Bill Brown: They're very scary. And they're not even the most sophisticated that are possible. Some are connected to a computer that has software that then records your face. So that if you walk by a camera in Washington Square Park, it can record your image for a database of facial images. There are two software systems, Face It or Visage [sic: spelling is Viisage] that can do this. And that's exactly what George Orwell had in mind, that a machine will match [faces to databases], not a person. . . . In Germany when I lived there, I once opened my mail, and there was a picture of me taken by a surveillance camera. My face, my license plate number, a picture of the radar gun and a notice saying, "You were speeding," and that "You owe us a hundred deutschmarks." That's total surveillance. They put my passport number on the notice as if to say, "We know exactly who you are and if you leave the country without paying this, when the EU really joins up with the United States, we'll still be able to find you. We'll find you in New York, and we'll fine you." To me, that's [only] five years away. Washington Square Park is obviously a big experiment for this sort of thing. And I find it to be a really unpleasant place. The term "prison yard" even seems mild, especially given the history of that park. Apparently [in 1917] Marcel Duchamp and some other artists climbed the arch and declared Washington Square Park an autonomous republic. That was a major event, and now the arch is cordoned off. Our performances in the Park make the political purpose of the cameras clear. The cameras are on the North end of the park where the arch is. If they were really there for safety, the cameras would be [on the South end] near the bathrooms, because you'd be catching child molesters, for example. And they [the cameras] are not there. They're all at the front part [of the park], indicating that this has everything to do with surveying the politics of the park.

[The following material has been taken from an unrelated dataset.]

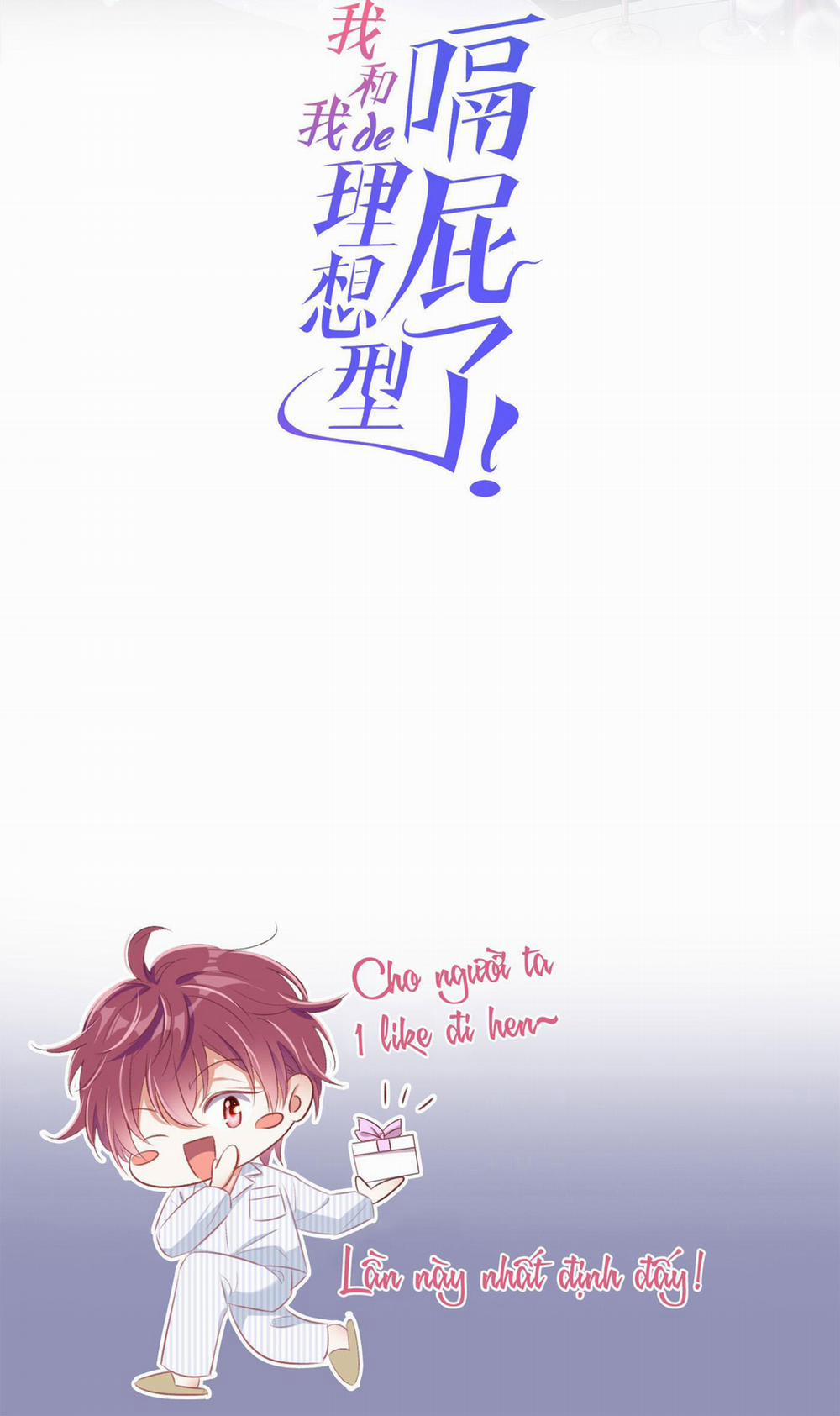 Tôi và hình mẫu lý tưởng của mình xong đời rồi 0 trang 16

On my way to the other side of the Park for the Players' second performance of the day, Bill Brown, forever the instructor, pushes me towards the ACLU lawyer Chris Johnson, who is ready to act as a buffer should the Players get hassled by the authorities. The cameras are totally legal, he tells me, and no one can control what the authorities do with the tape. He invites me to look at a map of surveillance cameras in the city. On my way home, I take one last look back. The park is lively by this time with tourists and locals enjoying a breezy summer afternoon. The music from the church service swells. For some reason, the gospel musicians on stage are singing Aretha Franklin's "Natural Woman." Bill Brown smirks and lip syncs along. Despite what he says about us being on the edge of a nightmare, he is clearly having a good time.
By Julie Turley
[Originally published in June 2000 by Capture Magazine.]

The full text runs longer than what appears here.